Pull out each line of the data that includes the word "Vintage".

[Source records]
--- START ---
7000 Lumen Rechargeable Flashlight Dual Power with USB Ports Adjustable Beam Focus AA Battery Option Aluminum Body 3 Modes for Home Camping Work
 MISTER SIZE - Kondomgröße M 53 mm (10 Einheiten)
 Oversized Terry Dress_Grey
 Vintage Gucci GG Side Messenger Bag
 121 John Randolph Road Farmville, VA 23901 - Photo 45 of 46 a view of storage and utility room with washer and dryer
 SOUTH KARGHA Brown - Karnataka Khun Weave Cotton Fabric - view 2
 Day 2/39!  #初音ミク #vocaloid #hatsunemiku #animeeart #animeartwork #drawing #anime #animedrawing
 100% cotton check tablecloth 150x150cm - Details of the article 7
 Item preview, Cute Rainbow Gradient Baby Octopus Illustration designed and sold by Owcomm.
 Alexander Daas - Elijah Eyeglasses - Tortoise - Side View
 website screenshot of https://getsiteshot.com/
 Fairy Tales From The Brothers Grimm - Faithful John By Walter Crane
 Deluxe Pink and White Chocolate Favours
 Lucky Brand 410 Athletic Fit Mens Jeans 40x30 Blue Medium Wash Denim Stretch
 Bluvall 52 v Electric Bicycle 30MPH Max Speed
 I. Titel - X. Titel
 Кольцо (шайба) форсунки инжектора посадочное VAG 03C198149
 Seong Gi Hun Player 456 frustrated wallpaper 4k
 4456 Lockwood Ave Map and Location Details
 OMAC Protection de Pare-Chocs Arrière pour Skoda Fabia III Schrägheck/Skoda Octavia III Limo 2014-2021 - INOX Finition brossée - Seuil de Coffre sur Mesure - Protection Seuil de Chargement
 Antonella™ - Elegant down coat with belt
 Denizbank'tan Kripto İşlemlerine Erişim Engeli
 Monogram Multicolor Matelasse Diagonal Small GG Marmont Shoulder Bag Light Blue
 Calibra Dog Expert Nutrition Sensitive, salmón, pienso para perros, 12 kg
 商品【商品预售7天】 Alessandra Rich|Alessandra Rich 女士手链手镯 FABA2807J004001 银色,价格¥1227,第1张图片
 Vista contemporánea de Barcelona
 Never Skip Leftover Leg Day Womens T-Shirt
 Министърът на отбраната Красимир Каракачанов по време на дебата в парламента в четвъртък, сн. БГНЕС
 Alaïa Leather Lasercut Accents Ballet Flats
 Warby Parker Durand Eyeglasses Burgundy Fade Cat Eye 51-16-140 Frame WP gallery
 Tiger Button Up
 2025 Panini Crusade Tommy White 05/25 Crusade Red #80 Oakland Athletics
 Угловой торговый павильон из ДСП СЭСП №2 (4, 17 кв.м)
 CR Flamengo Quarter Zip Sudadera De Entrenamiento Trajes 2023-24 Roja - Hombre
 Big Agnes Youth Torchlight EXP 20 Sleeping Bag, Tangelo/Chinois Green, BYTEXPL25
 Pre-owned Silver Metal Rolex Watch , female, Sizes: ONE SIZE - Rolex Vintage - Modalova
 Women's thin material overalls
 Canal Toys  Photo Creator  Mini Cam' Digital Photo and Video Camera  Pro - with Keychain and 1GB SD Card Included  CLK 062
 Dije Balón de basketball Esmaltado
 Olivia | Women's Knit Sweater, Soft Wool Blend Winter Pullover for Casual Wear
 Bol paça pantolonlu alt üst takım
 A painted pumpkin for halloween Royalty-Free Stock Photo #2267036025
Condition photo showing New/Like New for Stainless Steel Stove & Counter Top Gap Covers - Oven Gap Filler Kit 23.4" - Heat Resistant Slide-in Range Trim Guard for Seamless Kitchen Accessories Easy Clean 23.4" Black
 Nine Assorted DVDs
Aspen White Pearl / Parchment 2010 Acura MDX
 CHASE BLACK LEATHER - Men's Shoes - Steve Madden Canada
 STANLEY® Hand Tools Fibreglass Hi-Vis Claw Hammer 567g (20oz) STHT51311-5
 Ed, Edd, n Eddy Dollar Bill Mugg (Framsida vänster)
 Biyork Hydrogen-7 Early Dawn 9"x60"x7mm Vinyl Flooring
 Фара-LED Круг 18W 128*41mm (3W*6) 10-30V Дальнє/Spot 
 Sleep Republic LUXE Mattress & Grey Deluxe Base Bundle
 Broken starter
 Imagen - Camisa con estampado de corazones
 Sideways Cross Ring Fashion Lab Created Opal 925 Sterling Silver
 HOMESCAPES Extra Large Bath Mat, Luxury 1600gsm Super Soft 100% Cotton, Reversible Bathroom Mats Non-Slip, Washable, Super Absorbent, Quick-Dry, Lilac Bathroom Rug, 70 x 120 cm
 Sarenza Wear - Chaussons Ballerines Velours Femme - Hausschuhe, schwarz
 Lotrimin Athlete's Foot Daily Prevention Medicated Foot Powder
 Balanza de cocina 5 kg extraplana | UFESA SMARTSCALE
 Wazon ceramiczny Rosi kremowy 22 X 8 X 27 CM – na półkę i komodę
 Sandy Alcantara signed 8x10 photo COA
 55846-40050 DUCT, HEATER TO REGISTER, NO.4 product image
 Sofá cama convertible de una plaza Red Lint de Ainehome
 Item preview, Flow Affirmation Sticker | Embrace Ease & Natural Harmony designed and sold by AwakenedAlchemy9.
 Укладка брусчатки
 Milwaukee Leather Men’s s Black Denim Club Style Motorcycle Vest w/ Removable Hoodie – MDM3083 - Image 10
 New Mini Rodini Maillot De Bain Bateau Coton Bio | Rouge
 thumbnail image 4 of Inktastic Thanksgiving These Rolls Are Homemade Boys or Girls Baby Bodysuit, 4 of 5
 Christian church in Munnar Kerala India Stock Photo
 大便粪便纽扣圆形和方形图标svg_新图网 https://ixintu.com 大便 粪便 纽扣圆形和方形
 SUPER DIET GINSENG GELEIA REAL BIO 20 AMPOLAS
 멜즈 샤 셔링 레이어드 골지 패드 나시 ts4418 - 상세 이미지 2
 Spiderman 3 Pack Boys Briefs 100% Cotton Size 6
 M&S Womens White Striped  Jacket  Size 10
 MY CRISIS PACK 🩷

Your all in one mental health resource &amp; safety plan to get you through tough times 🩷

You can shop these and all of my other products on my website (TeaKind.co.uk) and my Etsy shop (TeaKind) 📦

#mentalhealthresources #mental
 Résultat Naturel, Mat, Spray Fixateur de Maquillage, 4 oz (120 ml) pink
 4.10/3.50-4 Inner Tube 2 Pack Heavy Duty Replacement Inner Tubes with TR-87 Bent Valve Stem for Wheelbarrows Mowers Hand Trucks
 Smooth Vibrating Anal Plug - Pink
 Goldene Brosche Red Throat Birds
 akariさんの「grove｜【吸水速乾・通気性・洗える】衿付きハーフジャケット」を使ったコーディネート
--- END ---
- Task response:
 Vintage Gucci GG Side Messenger Bag
 Pre-owned Silver Metal Rolex Watch , female, Sizes: ONE SIZE - Rolex Vintage - Modalova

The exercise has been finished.